- What to produce -
Print out each record below, unaltered and complete, without its images.

- Given entries -
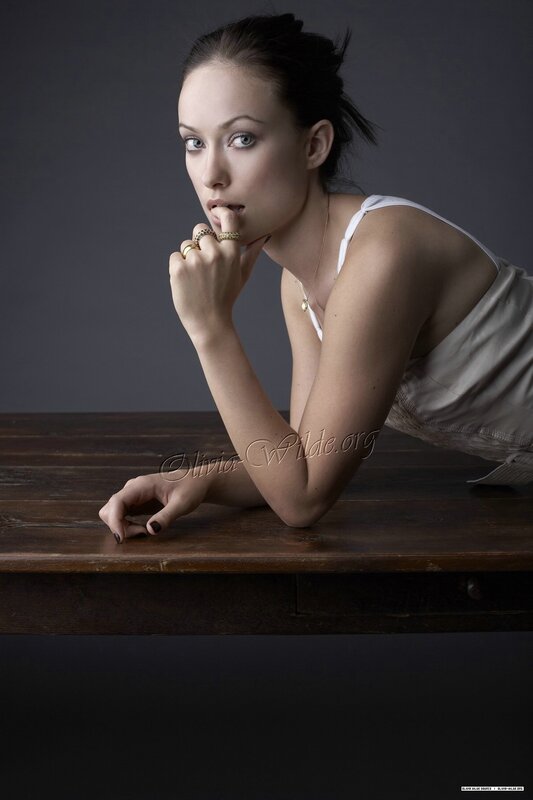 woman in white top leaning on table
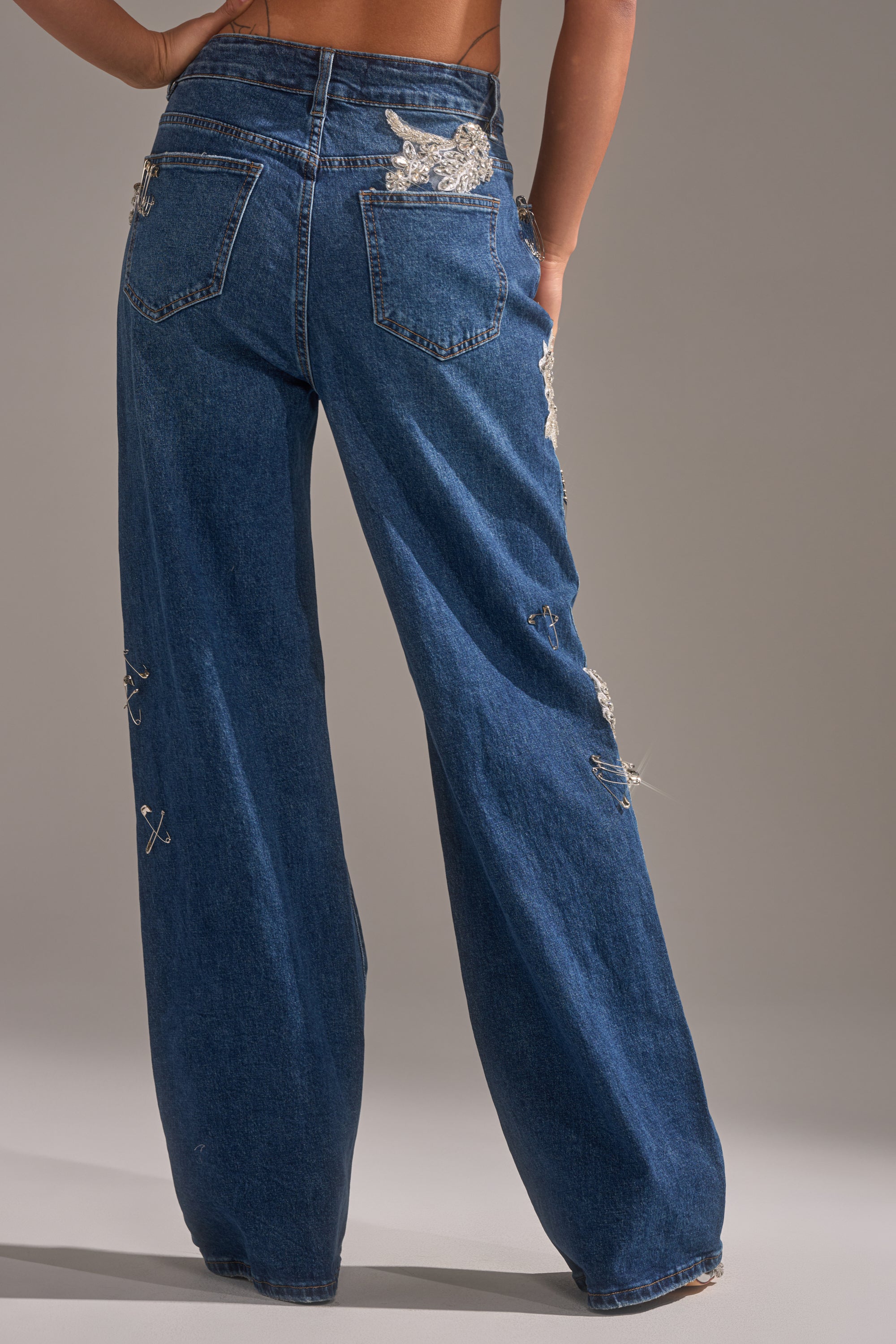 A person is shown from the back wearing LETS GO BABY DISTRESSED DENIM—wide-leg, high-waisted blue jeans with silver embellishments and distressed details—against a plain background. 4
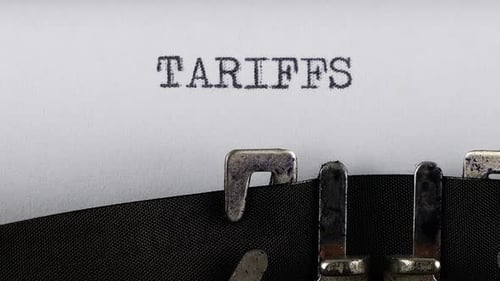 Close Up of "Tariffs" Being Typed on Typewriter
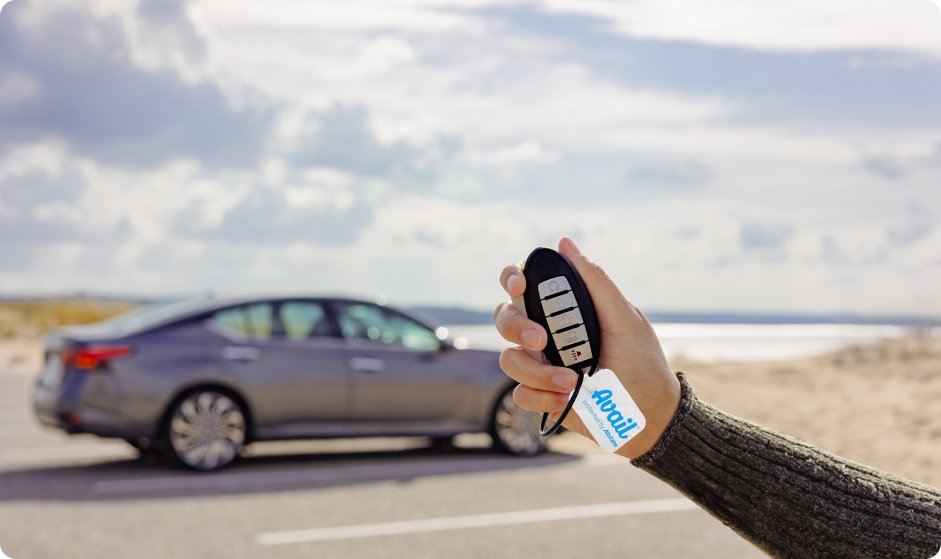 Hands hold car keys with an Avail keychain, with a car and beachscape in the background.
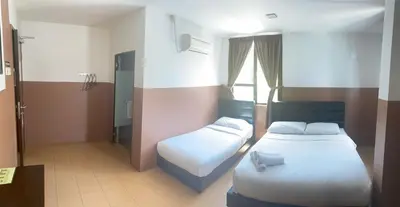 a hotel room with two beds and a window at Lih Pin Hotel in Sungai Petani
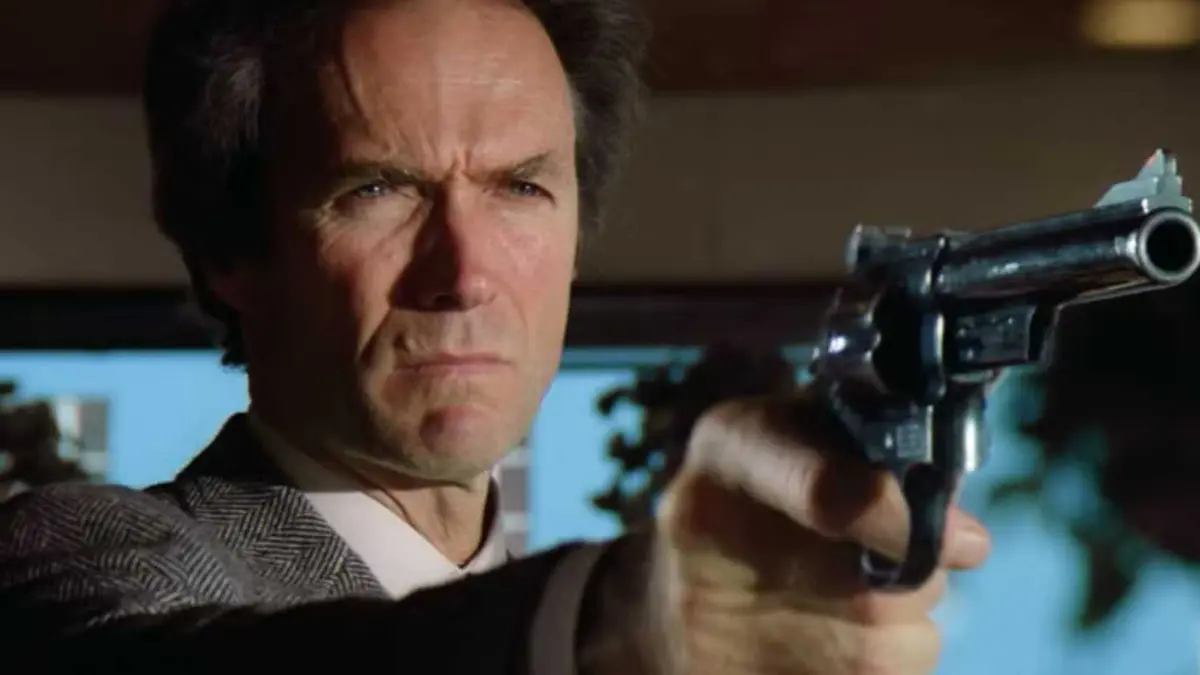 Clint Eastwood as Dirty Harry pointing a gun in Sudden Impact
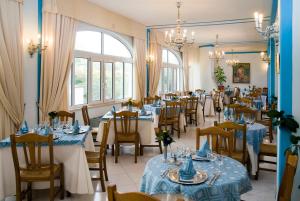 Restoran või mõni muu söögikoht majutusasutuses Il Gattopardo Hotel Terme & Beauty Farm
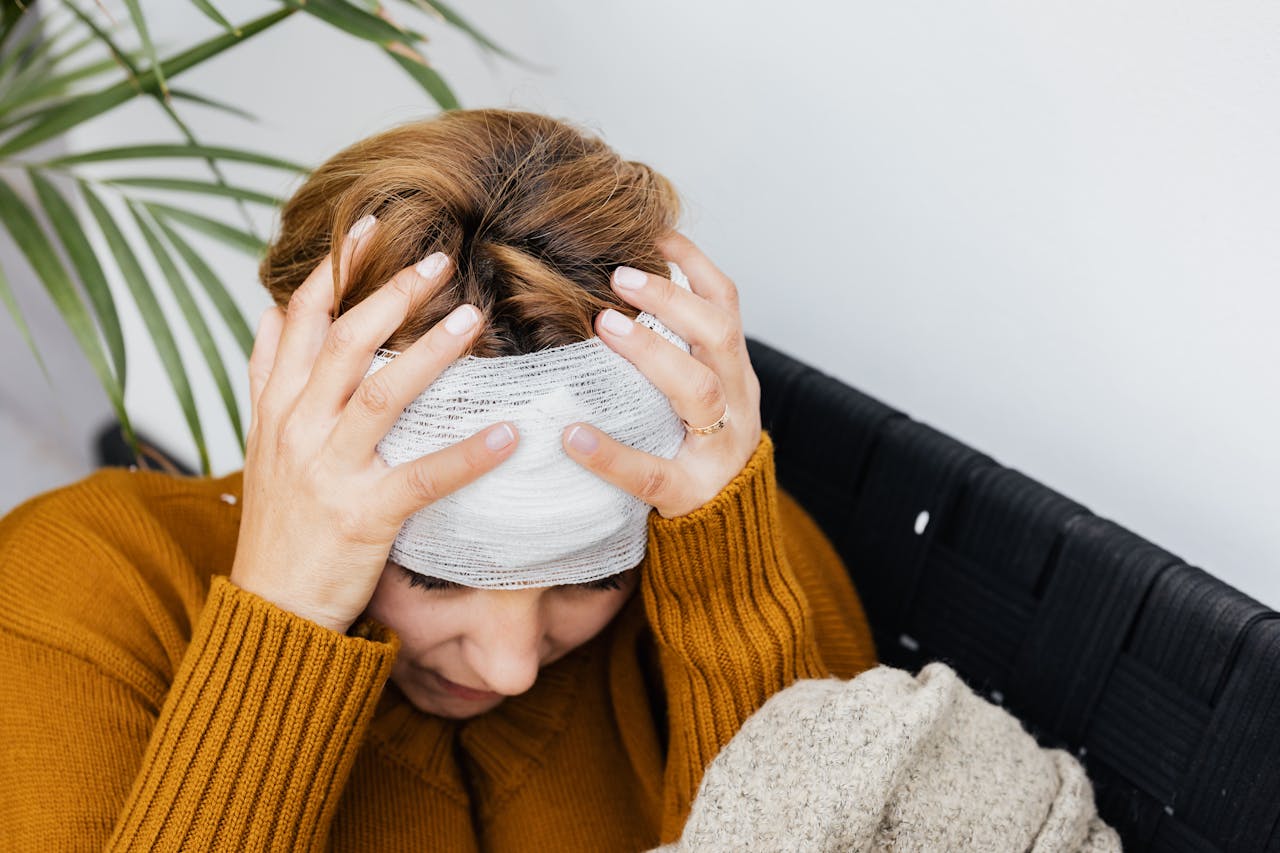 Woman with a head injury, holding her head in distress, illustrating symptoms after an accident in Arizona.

- Task answer -
 woman in white top leaning on table
 A person is shown from the back wearing LETS GO BABY DISTRESSED DENIM—wide-leg, high-waisted blue jeans with silver embellishments and distressed details—against a plain background. 4
 Close Up of "Tariffs" Being Typed on Typewriter
 Hands hold car keys with an Avail keychain, with a car and beachscape in the background.
 a hotel room with two beds and a window at Lih Pin Hotel in Sungai Petani
 Clint Eastwood as Dirty Harry pointing a gun in Sudden Impact
 Restoran või mõni muu söögikoht majutusasutuses Il Gattopardo Hotel Terme & Beauty Farm
 Woman with a head injury, holding her head in distress, illustrating symptoms after an accident in Arizona.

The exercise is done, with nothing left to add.